> [EXERCISE AIM]: What you return must be the lines from the first one below through the one containing "The iconic Fontainebleau", exactly and with pictures excluded.
BEGIN
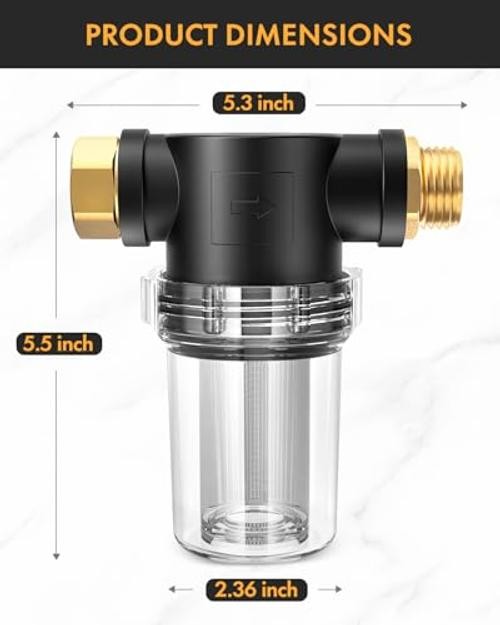 Hose Filter Attachment Line Water Hose Filter with 100 Mesh and 40 Mesh 1 Pcs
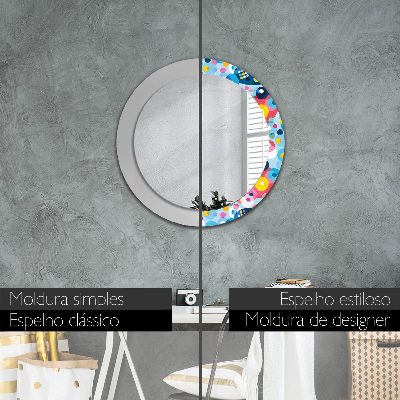 Round decorative wall mirror Colorful ciercles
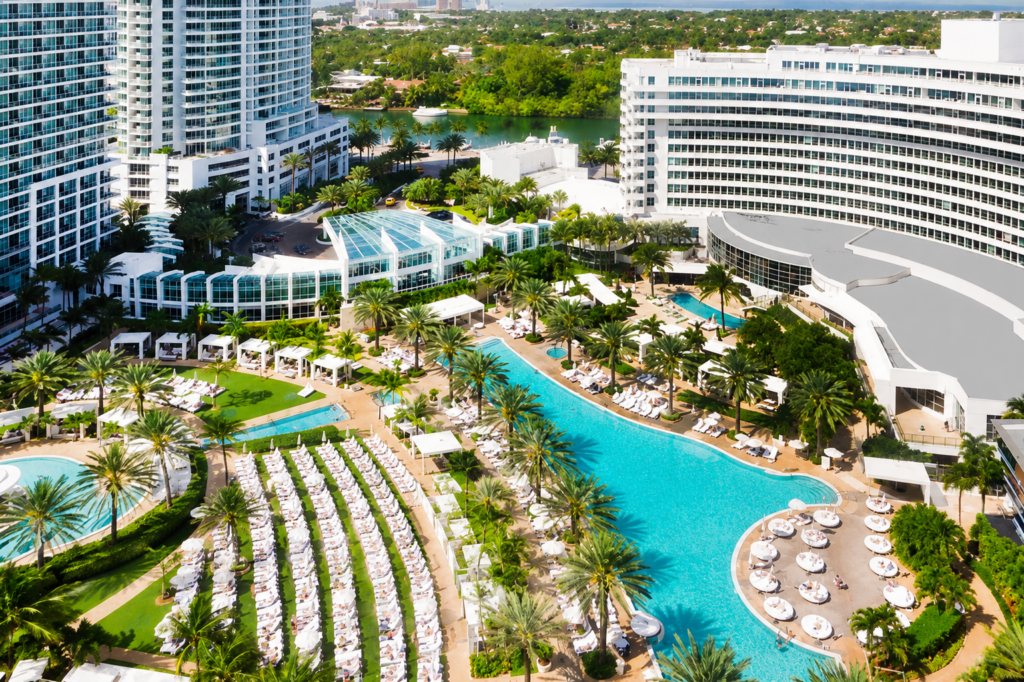 The iconic Fontainebleau sits right on the beach in Miami and offers a lot of historic cool and plenty of modern heat.
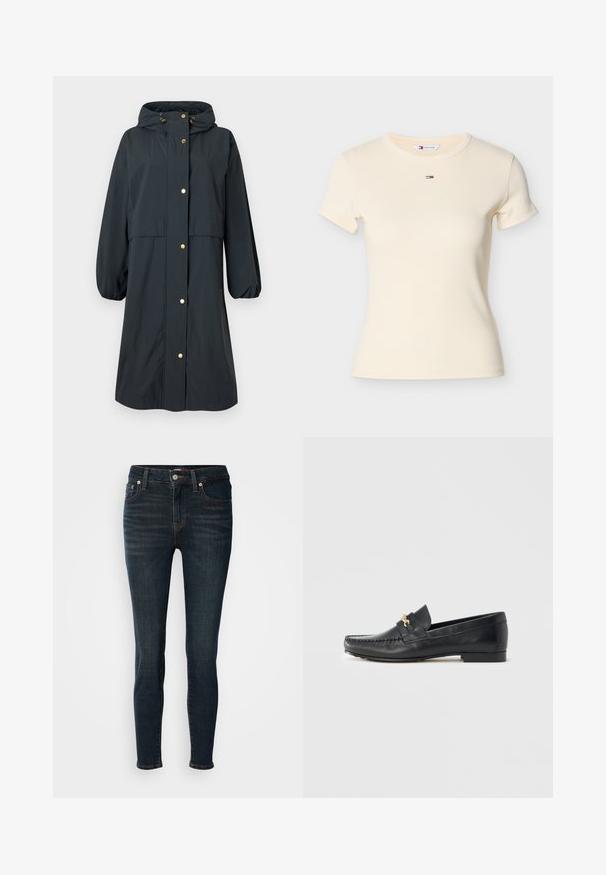 Imperméable bleu foncé avec capuche, poignets élastiques, fermetures à boutons dorés, coupe décontractée et design mi-long.; T-shirt côtelé jaune clair à manches courtes, encolure ronde, avec un petit logo brodé aux rayures rouges, blanches et bleues sur la poitrine.; Jean en denim bleu foncé avec une coupe slim. Les caractéristiques incluent cinq poches, une fermeture à bouton et des détails de couture subtils. Texture lisse, jambe fuselée.; Mocassin en cuir noir avec garniture décorative en métal doré, coutures apparentes, bout légèrement pointu et semelle plate et minimaliste.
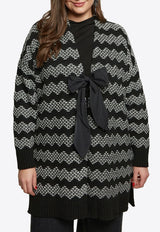 Mat Fashion Zig-Zag Knit Cardigan with Bow Black 8401.5031.W_BLACK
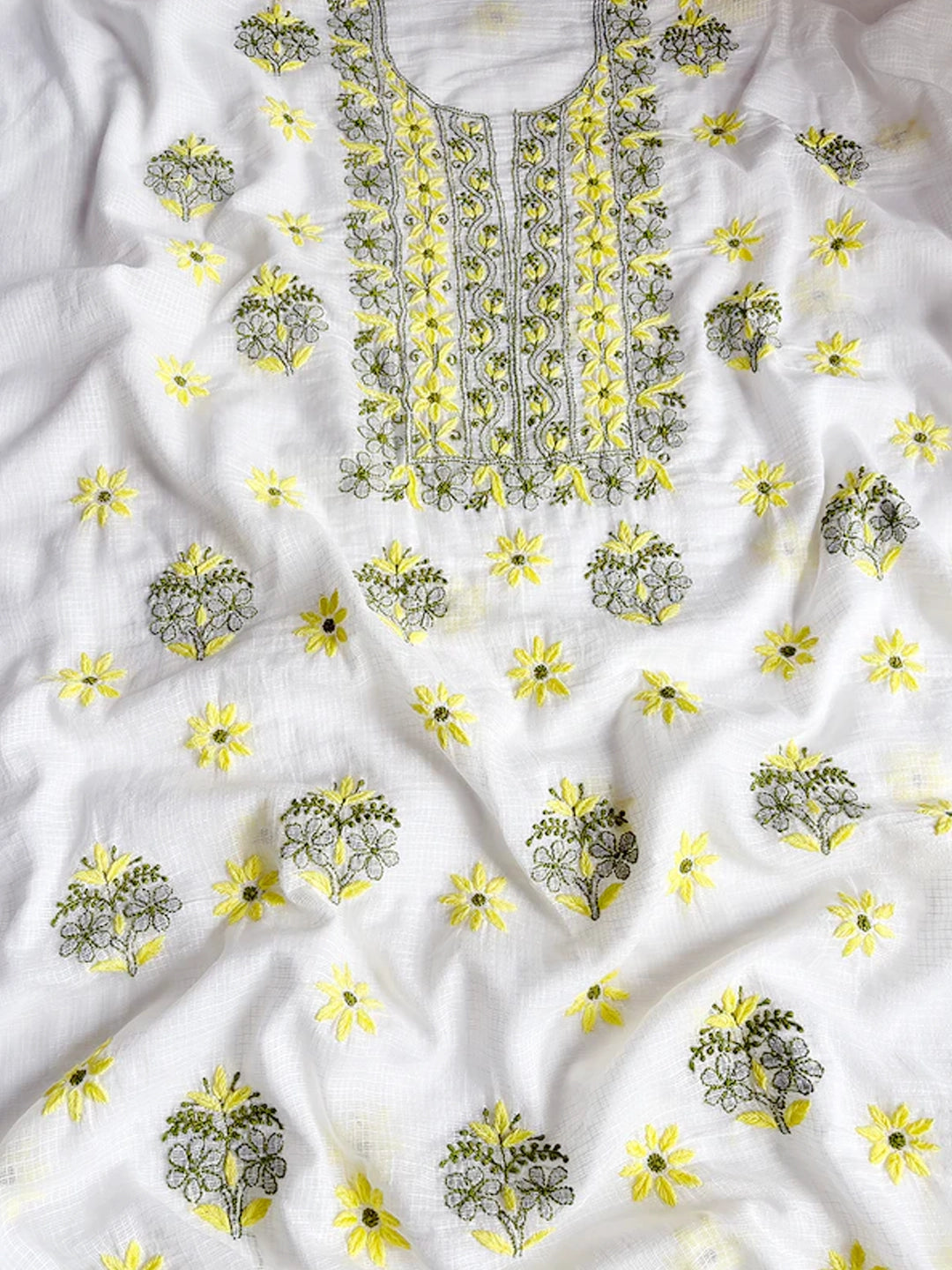 Yellow Eshani Kota Doria Chikankari Un-stitched Kurti Piece with Dupatta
END
> [SOLVED EXERCISE]:
 Hose Filter Attachment Line Water Hose Filter with 100 Mesh and 40 Mesh 1 Pcs
 Round decorative wall mirror Colorful ciercles
 The iconic Fontainebleau sits right on the beach in Miami and offers a lot of historic cool and plenty of modern heat.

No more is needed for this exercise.